Tuesday, 15 May 2018

Ceisteanna (122)

Bernard Durkan

Ceist:

122. Deputy Bernard J. Durkan asked the Tánaiste and Minister for Foreign Affairs and Trade the extent to which the European Union continues to foster good relations with the countries in the western Balkans with particular reference to the need for applicant countries to comply with the acquis communautaire; and if he will make a statement on the matter. [21463/18]

Amharc ar fhreagra

Freagraí scríofa (Ceist ar Foreign)

The European Union continues to work closely with the countries of the Western Balkans to encourage progress on their European path. The stability of the Western Balkans is important for the security of the EU and the region is a priority for the Bulgarian Presidency. A Strategy for the Western Balkans was published in February, and the Taoiseach will attend an EU-Western Balkans Summit in Sofia on 17 May where the main focus of discussion will be connectivity, which is essential for the future development of the countries of the region.

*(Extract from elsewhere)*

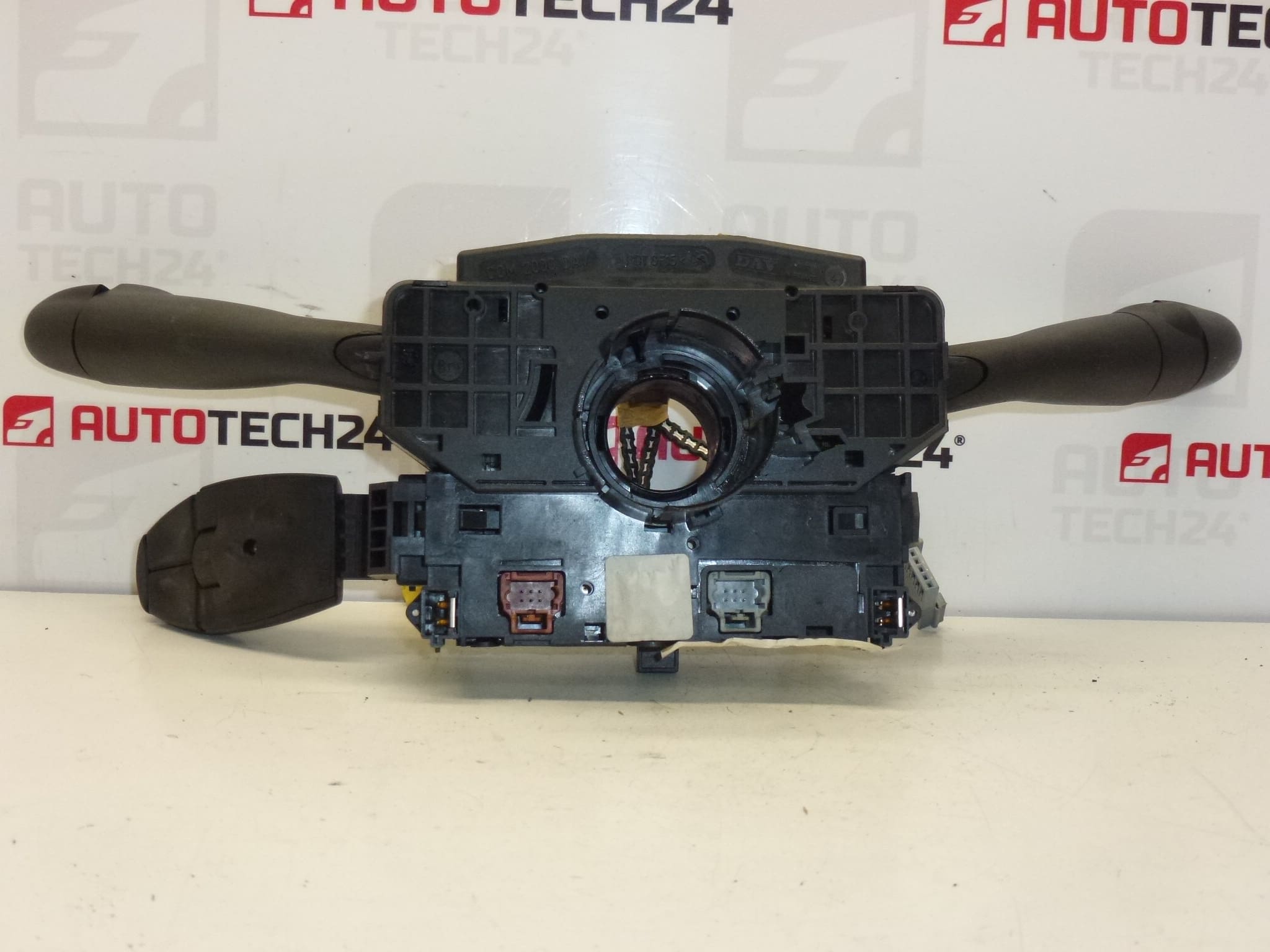 Citroën Peugeot 96605910XT 6239Q3 karok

The countries of the Western Balkans have a European perspective, but reforms are required across a wide range of areas, particularly in the rule of law and fundamental freedoms, to reach the high standards set out in the chapters of the acquis communautaire.

Two of the countries of the Western Balkans have opened formal accession negotiations with the European Union: Montenegro and Serbia. Thirty chapters (out of a total of 35) have been opened with Montenegro; of these three have already been provisionally closed. Twelve chapters have been opened with Serbia and two have been provisionally closed.

The European Commission published country reports on each of the countries of the Western Balkans in April. These reports detail the ‘state of play’, assess progress made and make recommendations for future action, and will form the basis for a discussion by Ministers at the General Affairs Council in June.

The EU endeavours to foster good relations in all of its engagement with the Western Balkans, through the provision of pre-accession funding, by facilitating the Belgrade-Pristina dialogue and in its intense engagement with the candidate countries which have a ‘European Perspective’ but which have not yet opened formal negotiations, namely Albania and Macedonia, as well as the potential candidate countries of Bosnia and Herzegovina and Kosovo.

Ireland is a strong supporter of the enlargement policy of the EU, believing that the accession process is a transformative driver for peace and stability. We also believe that there can be no shortcuts to membership, and that all standards and conditions must be met.